To do
Exact reproduction of all the entries is required, without any of their pictures.

[Collection entries]

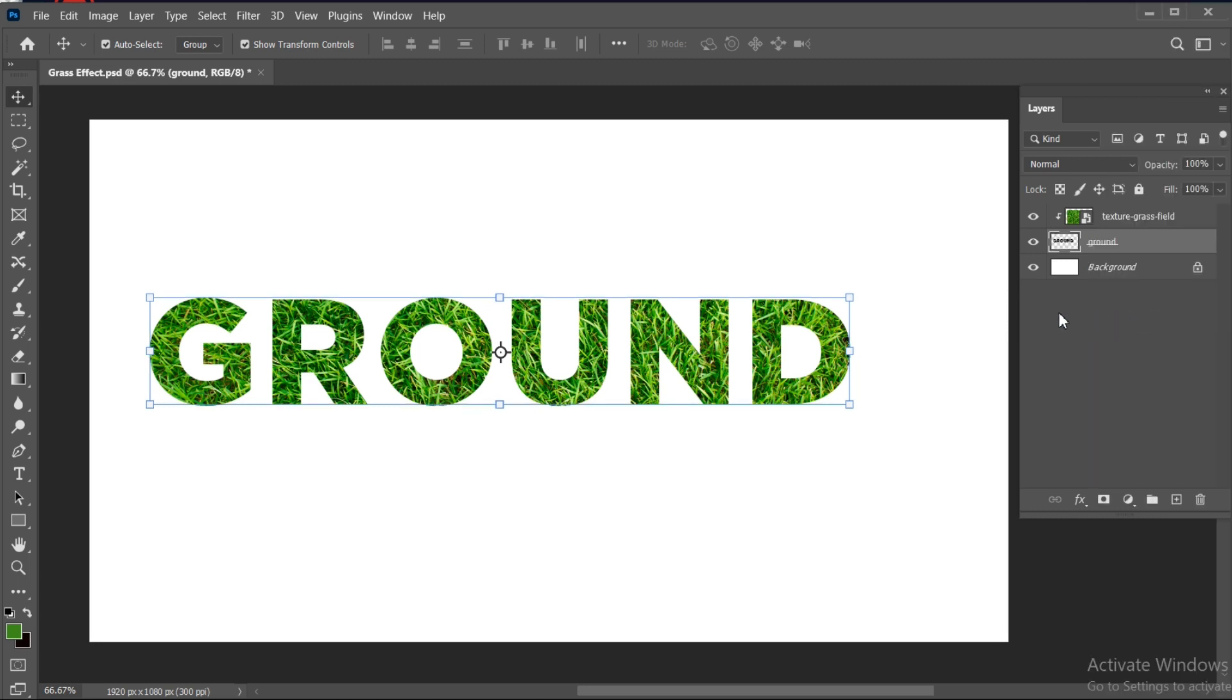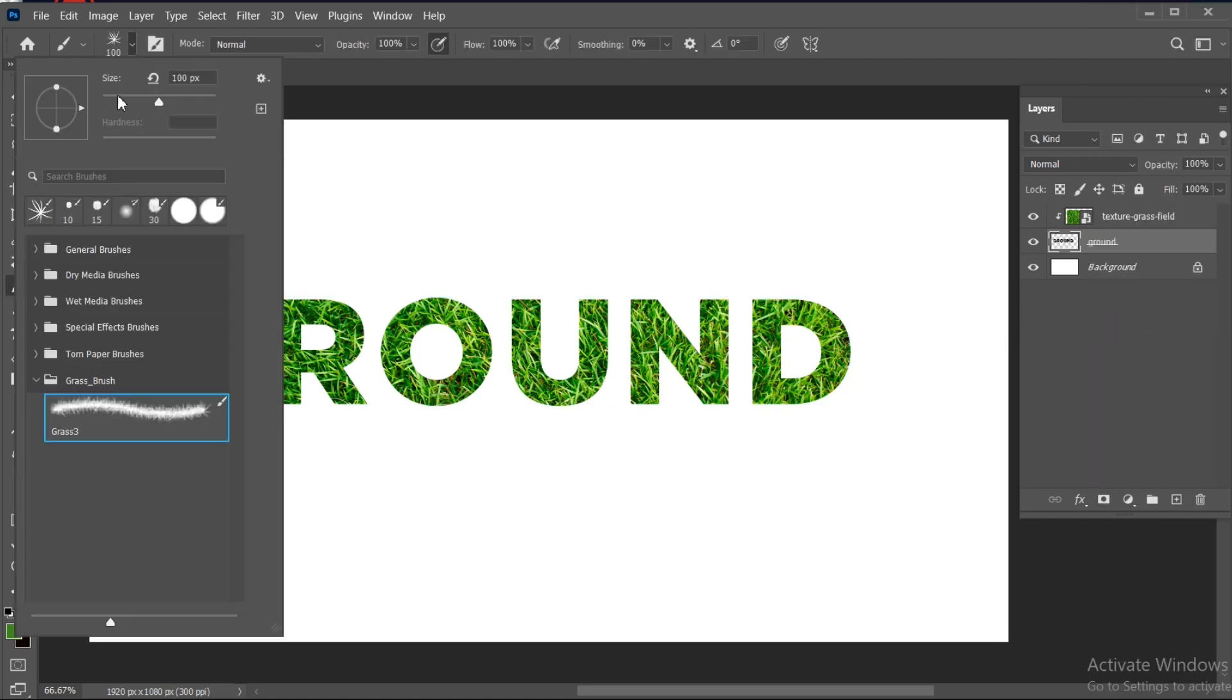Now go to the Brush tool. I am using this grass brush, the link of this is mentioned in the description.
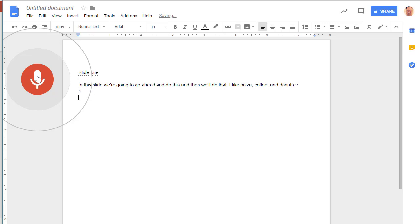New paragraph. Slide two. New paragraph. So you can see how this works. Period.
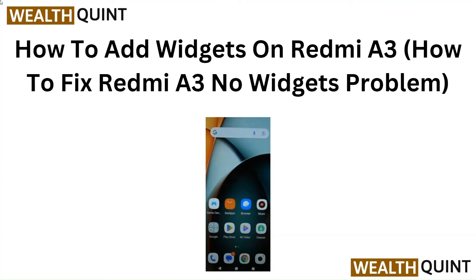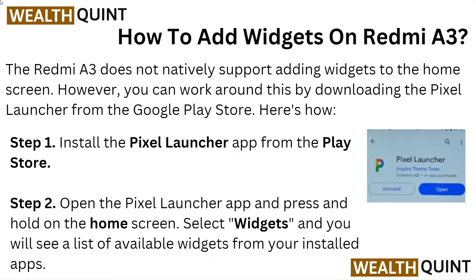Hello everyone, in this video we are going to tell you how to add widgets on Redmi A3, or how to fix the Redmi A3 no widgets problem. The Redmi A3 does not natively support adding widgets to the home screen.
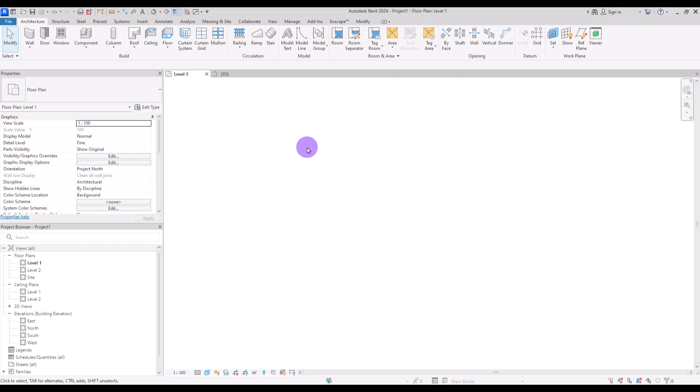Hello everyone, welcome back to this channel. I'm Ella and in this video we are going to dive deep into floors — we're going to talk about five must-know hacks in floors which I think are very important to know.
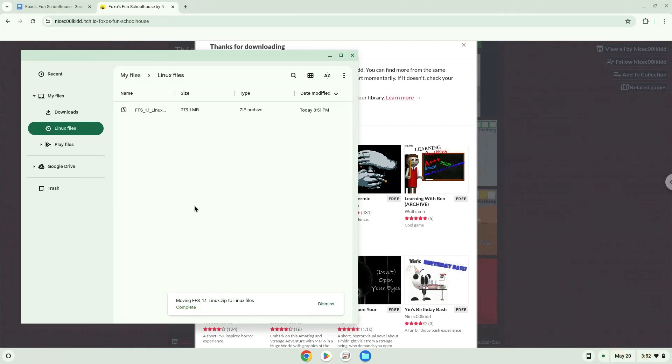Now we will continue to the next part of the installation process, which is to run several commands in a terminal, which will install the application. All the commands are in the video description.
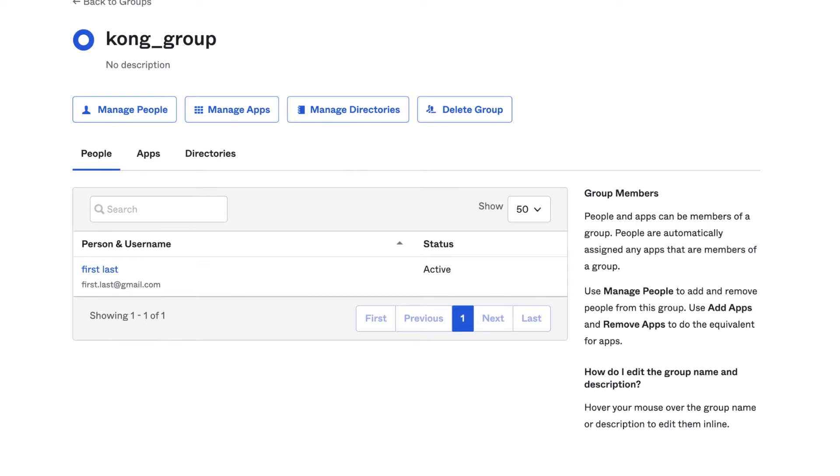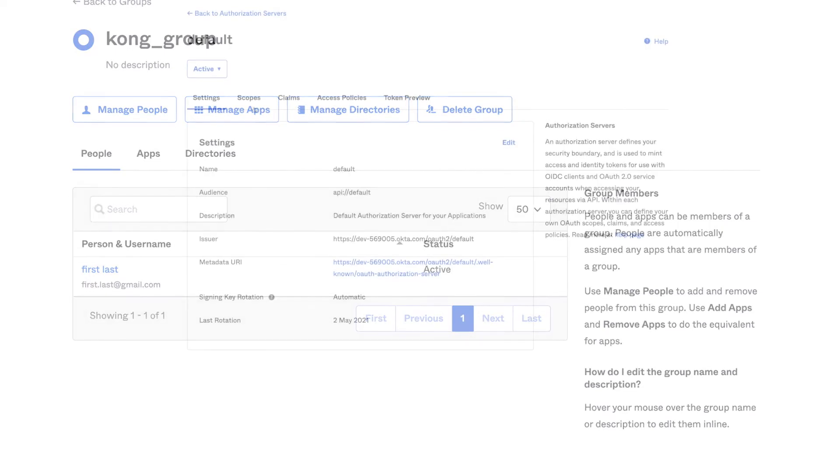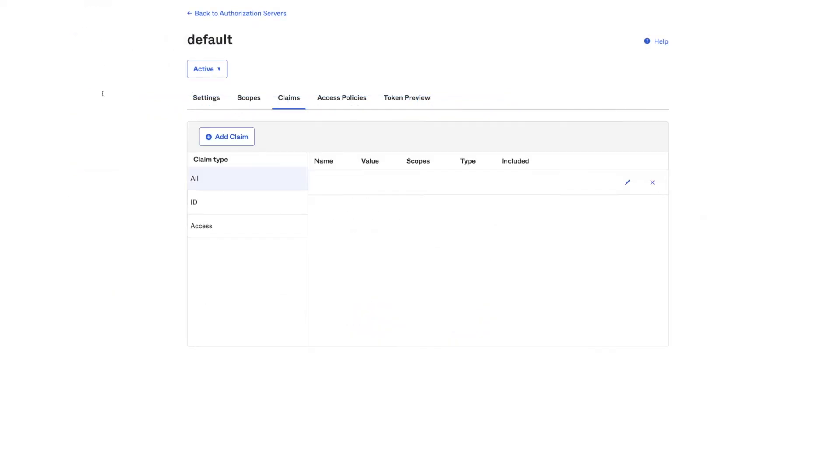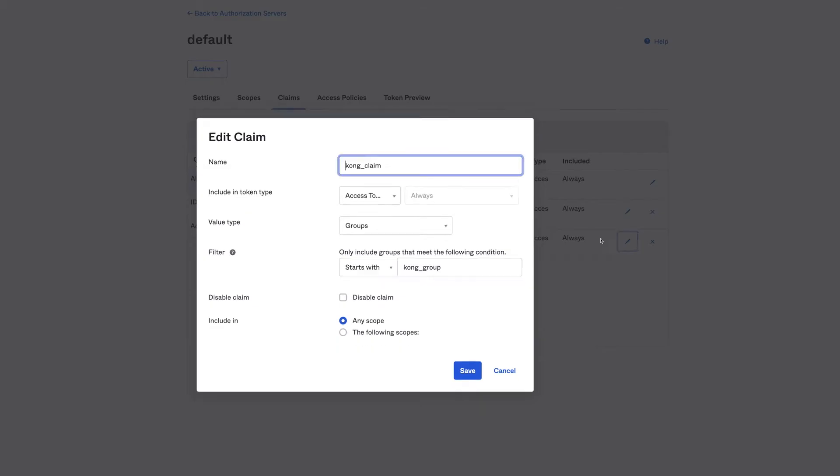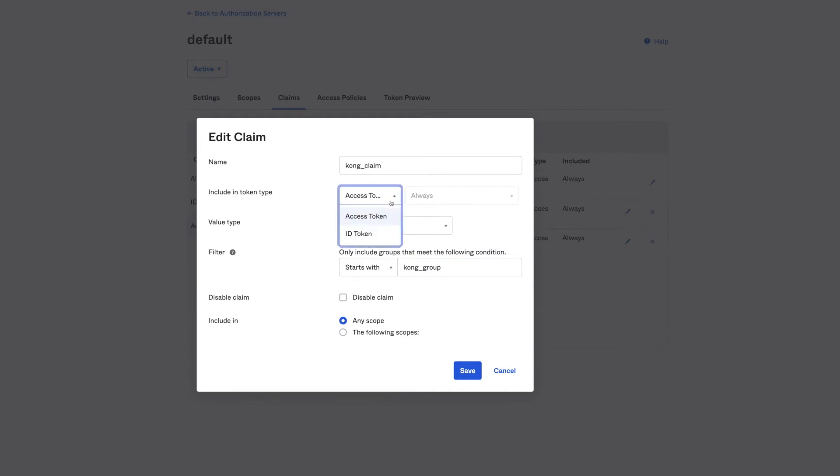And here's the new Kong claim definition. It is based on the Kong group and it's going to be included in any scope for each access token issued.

Your solution
Now go to the Brush tool. I am using this grass brush, the link of this is mentioned in the description.
New paragraph. Slide two. New paragraph. So you can see how this works. Period.
Hello everyone, in this video we are going to tell you how to add widgets on Redmi A3, or how to fix the Redmi A3 no widgets problem. The Redmi A3 does not natively support adding widgets to the home screen.
Hello everyone, welcome back to this channel. I'm Ella and in this video we are going to dive deep into floors — we're going to talk about five must-know hacks in floors which I think are very important to know.
Now we will continue to the next part of the installation process, which is to run several commands in a terminal, which will install the application. All the commands are in the video description.
And here's the new Kong claim definition. It is based on the Kong group and it's going to be included in any scope for each access token issued.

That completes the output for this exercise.